Reopening schools is easy. How do students catch up?

The most immediate and widespread answer is summer school. “It is our next and best opportunity to reconnect kids with their school community,” Senator Michael Bennet of Colorado, who was the superintendent of Denver Public Schools before entering Congress, said. “This is one of the last windows we have to help [students] readjust and reacclimate so that we put them in the strongest possible position to return to class this fall.”

Most districts offer some form of summer school, but this year will be different. In Columbus, Ohio, for example, the district’s summer program usually serves 4,000 students. It’s expecting 10,000, which is roughly one out of every five students, Talisa Dixon, the superintendent, told me. The district is partnering with local colleges to bring in student teachers to keep up with the need and ensure that students learn in small groups. San Antonio’s Northside district is also preparing for an influx of thousands more students this summer; it has set aside $14 million—$10 million more than in a typical year—and has plans to add three weeks. Atlanta Public Schools has budgeted $15 million for 20,000 students to attend summer courses for four weeks, 10,000 more students than would ordinarily attend…

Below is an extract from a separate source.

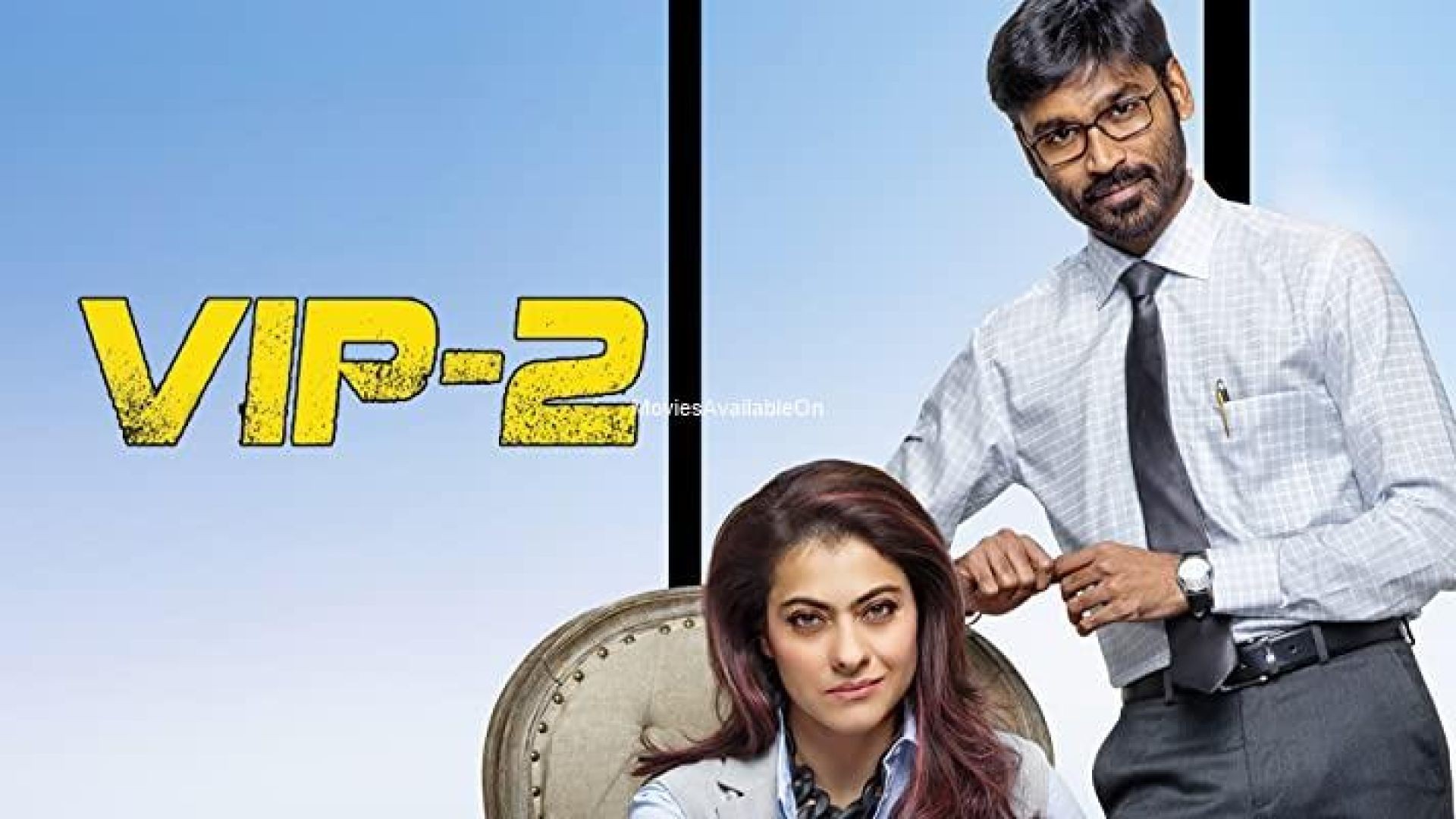 ⁣Vip 2 (2023) Bengali Dubbed ORG WEB-DL  720P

Some districts are also extending the school year by several weeks. But many superintendents are concerned about the toll the past year has taken on teachers. “They’ve been doing a great job, but they are just exhausted,” Dixon told me. That’s why districts are looking to hire additional staff for the summer, so that their regular teachers have time to rest. Beyond extra teachers, Woods believes that districts also need to pay summer staff more than they have in the past, because they’re being asked to meet such a huge need.